Exercise instructions => Images should be left out, and everything else in the listing reproduced exactly.
(Collected material Opens)
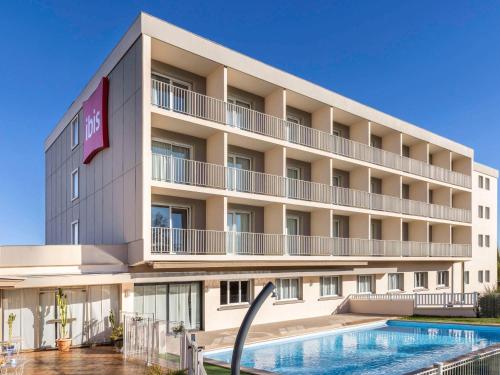 ibis Tarbes Odos : Hotels proche de Louey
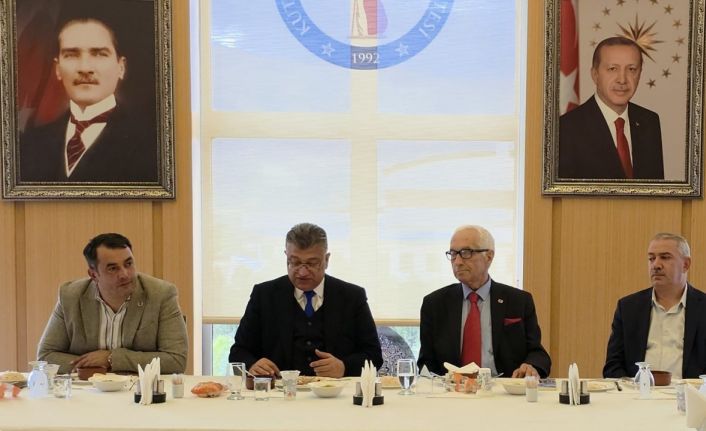 ’Kıdemli gazeteciler’ Rektör Kızıltoprak ile DPÜ’de buluştu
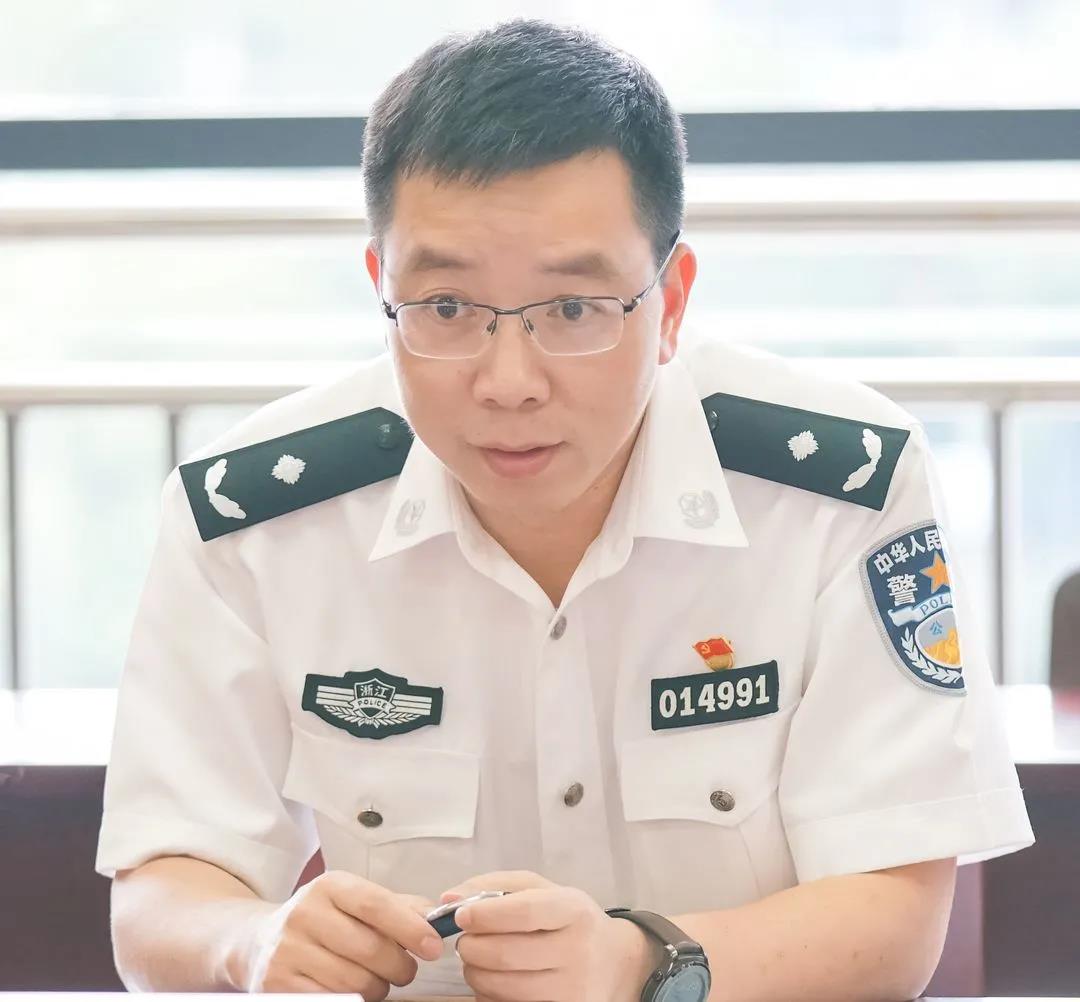 张亮调研义桥镇村级组织换届选举工作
(Collected material Closes)
Solution to this exercise =>
 ibis Tarbes Odos : Hotels proche de Louey
 ’Kıdemli gazeteciler’ Rektör Kızıltoprak ile DPÜ’de buluştu
 张亮调研义桥镇村级组织换届选举工作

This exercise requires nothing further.